In Praise of Giraffes

John A. Graham ’64’s conflict-resolution work has taken him from apartheid-torn South Africa to meetings in Geneva, Switzerland...

John A. Graham ’64’s conflict-resolution work has taken him from apartheid-torn South Africa to meetings in Geneva, Switzerland, where he helped Palestinian and Israeli delegates find common ground. But the central story in his recent book Stick Your Neck Out: A Street-Smart Guide to Creating Change in Your Community and Beyond concerns something much closer to home: the Island County Citizens Coalition, which spent five years designing a comprehensive plan for the area’s long-term development. “Settling a conflict between farmers and environmentalists in Island County, Washington, is not a whole lot different from finding a solution to the West Bank or the Middle East,” Graham says. “The human elements are the same: getting people to trust each other, getting people to care for each other’s situation, and to treat each other with respect.”

The Giraffe Heroes Project, which Graham has helped lead for 23 years, aims to spread the word that “individual human beings have the power and the compassion to change the world in positive directions.” His circuitous path to Giraffes was also a personal transformation from thrill-seeker to peace-maker. After graduation, he spent a year as a foreign correspondent for the Boston Globe in Iraq, Afghanistan, Laos, Vietnam, and Cambodia. He then joined the Foreign Service, which sent him into the Libyan revolution in 1969 and later to the northern border of what was then South Vietnam. Today Graham says of this time, “I was so intent on being a kind of John Wayne figure that whatever was gentle and compassionate in me just didn’t have a voice.”

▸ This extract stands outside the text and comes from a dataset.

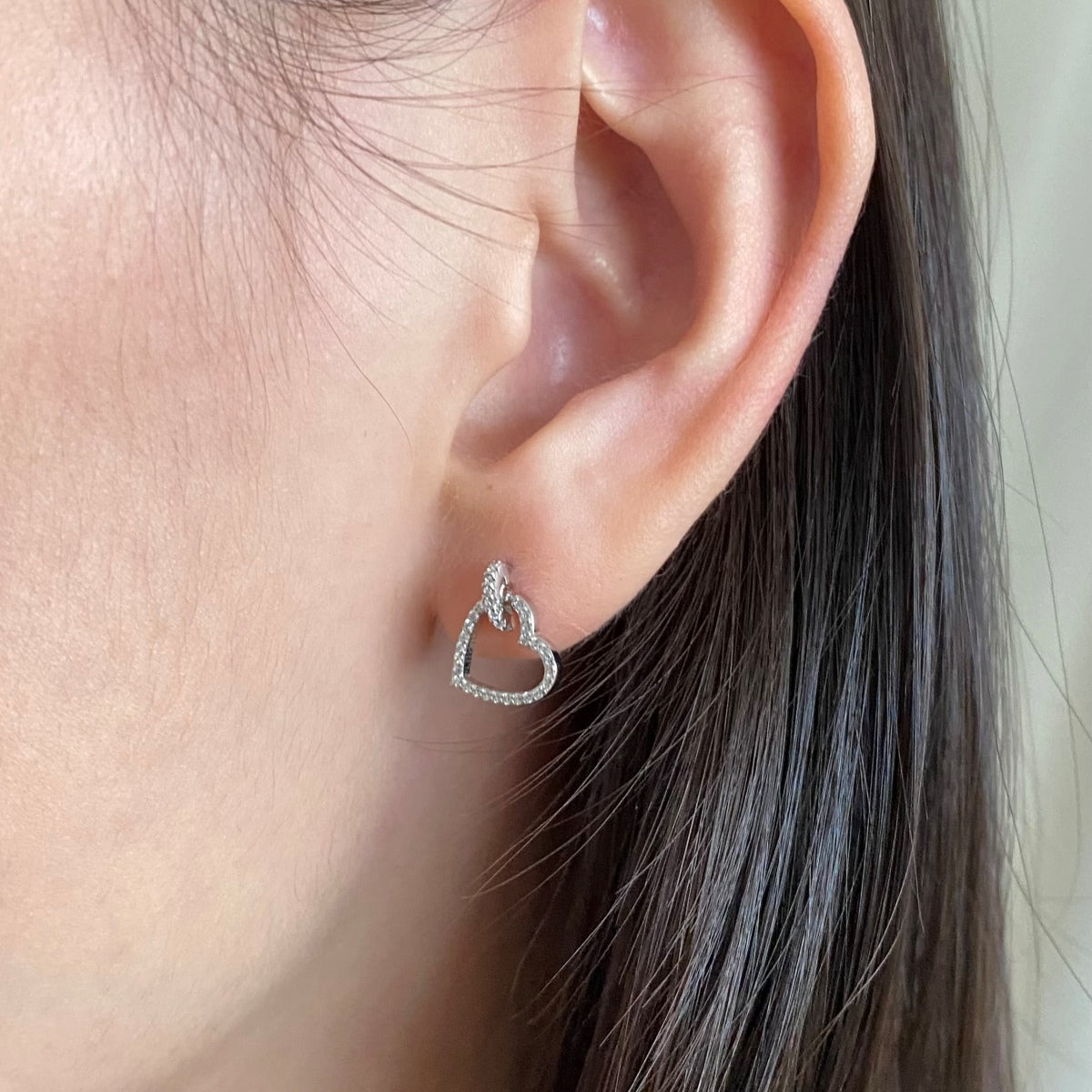[Lumi Jewellery]Dainty Heart Shape Earrings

John Graham extols those who stick their necks out.
Photo courtesy of John Graham

Then, in 1980, the U.S. Mission to the United Nations sent him to South Africa, where he met leaders of the antiapartheid movement. He describes Robert Sobukwe, under house arrest and dying of tuberculosis, as “the toughest man I had ever met.” Sobukwe insisted that his country’s real problem was helping blacks and whites to forgive one another. “He was changing the future of his country and yet he had no weapons,” Graham says. “He was just this scrawny, dying little old man.” Sobukwe’s example inspired Graham to risk his career by organizing a coalition of third-world diplomats who successfully pressured the United States to enforce its arms embargo against the South Africa government, one step in the final push to end apartheid.

Graham left the Foreign Service in 1983 to work with his future wife, Ann Medlock, the founder of the Giraffe Heroes Project, whose seemingly simple goal was to publicize stories of people who were sticking their necks out on behalf of their communities. The couple began by writing and delivering scripts of such stories to small-town radio stations, but within a few years they were covered by Time magazine and were recommending guests for morning talk shows. More important for Graham was the passionate response of the local communities they worked in. “I began to see the power of this approach of telling stories,” he says, “working with the heart part of a person instead of just the head part.”

No surprise, then, that Stick Your Neck Out, in addition to outlining practical skills such as lobbying, initiating litigation, and attracting media attention, is full of stories. Tales from the Foreign Service years often provide examples of what not to do, while the Island County Citizen’s Commission’s project illustrates the importance of patience and respect for one’s opponents. “For someone who believes what I believe, this is a very tough time. Every conflict seems to be spinning out of control,” Graham admits. “But that doesn’t discourage me in the least. I’m very optimistic when I look out there at all the good conservative people and the good liberal people trying to make a difference. There have to be enough people with enough compassion and courage to solve the problems that are in front of us.”